Lei do ruído. Costa desafia Presidente da República
O Governo ignorou totalmente duas das diretivas do Presidente da República no seu último decreto do estado de emergência. E quanto a uma terceira, sobre os livros nos supermercados, protelou.
As diretivas ignoradas são as relativas ao ruído nos prédios e à preparação de um plano para a reabertura faseada das escolas.
No decreto governamental que regulamenta o novo estado de emergência - que se iniciará às 00.00 desta segunda-feira para terminar às 23.59 de 1 de março -, decreto esse publicado no "Diário da República" na sexta-feira à noite - o Executivo não dá qualquer andamento à exigência que o Presidente tinha feito sobre o controlo do ruído nos prédios.

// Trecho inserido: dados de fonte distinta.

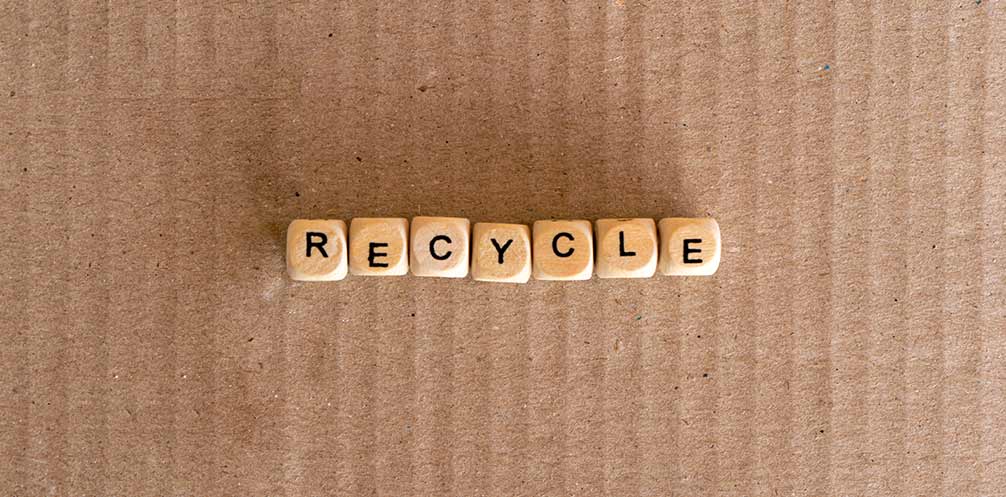 Reciclar o compostar envases de un solo uso de hostelería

O Presidente pediu, no decreto, que fossem "determinados níveis de ruído mais reduzidos em decibéis ou em certos períodos horários, nos edifícios habitacionais, de modo a não perturbar os trabalhadores em teletrabalho".

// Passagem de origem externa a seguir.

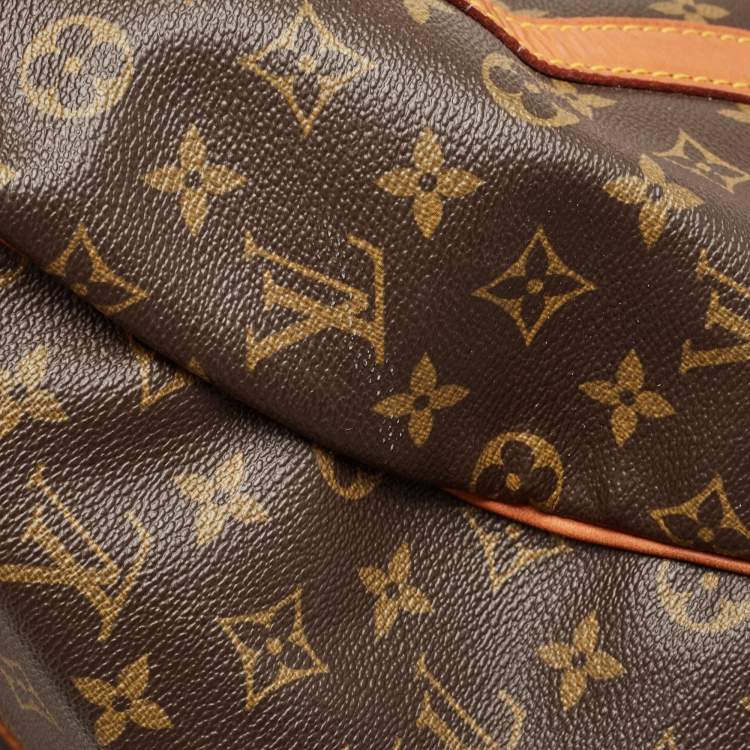 Pre Owned Louis Vuitton Monogram Canvas Keepall Bandouliere 55 Bag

O pedido caiu bem entre os ambientalistas. À boleia do decreto do Presidente, a Associação Zero considerou, num comunicado, que o Governo devia mesmo "estabelecer que, pelo menos temporariamente, as autoridades policiais poderão em qualquer altura ordenar ao produtor de ruído de vizinhança a cessação imediata da incomodidade, o que atualmente só está previsto entre as 23h e as 7h (durante a noite)". E mais ainda: "As obras não urgentes devem ser evitadas ou limitadas a um período máximo de 4 horas por dia, repartido obviamente dentro do período 8-20h nos dias úteis". Sendo igualmente "fundamental que as autoridades (PSP e GNR) atuem de forma rigorosa no cumprimento da lei, não hesitando em efetuar as contraordenações que sejam necessárias para garantir o descanso".

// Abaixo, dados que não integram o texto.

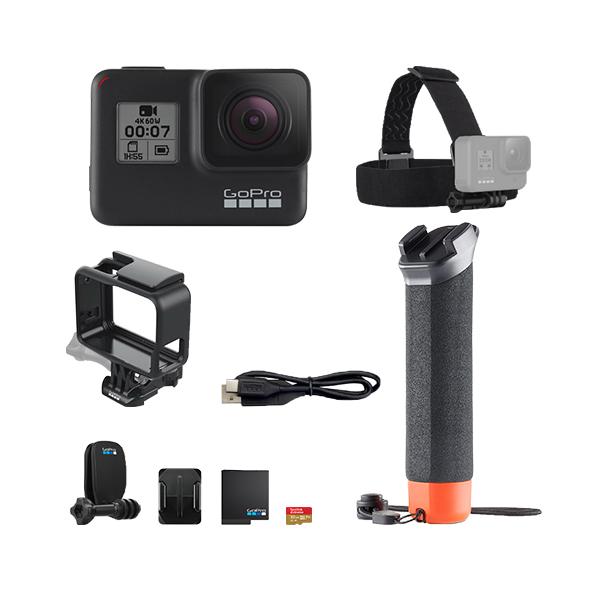GoPro HERO 7 Black本体+アクセサリー品 - ビデオカメラ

"A Zero aplaude a preocupação manifestada na proposta de decreto do Presidente da República para a renovação do estado de emergência com o ruído que afeta muitos trabalhadores em tarefas remotas a partir das suas residências. Esta é uma questão chave que desde sempre afetou a qualidade de vida e a saúde dos cidadãos que agora se torna mais premente face à maior percentagem de pessoas em teletrabalho", lia-se ainda no comunicado.
Na quinta-feira, quando o primeiro-ministro apresentou as conclusões do Conselho de Ministros que aprovou o decreto de regulamentação do estado de emergência, foi fácil perceber que António Costa não tinha gostado da recomendação presidencial.
O chefe do Governo ignorou ostensivamente as (várias) perguntas que lhe fizeram sobre como regulamentaria a diretiva presidencial. Na sexta-feira, através do decreto governamental publicado, confirmou-se que não tem a menor vontade para dar andamento à pretensão presidencial.
Outra diretiva do PR que o Governo ignorou foi a que lhe determinou que preparasse já um plano de reabertura faseada das escolas. Nesse caso, porém, Costa falou logo na conferência de imprensa de quinta-feira que se seguiu ao Conselho de Ministros. O chefe do Governo não quer nem ouvir falar em desconfinamento.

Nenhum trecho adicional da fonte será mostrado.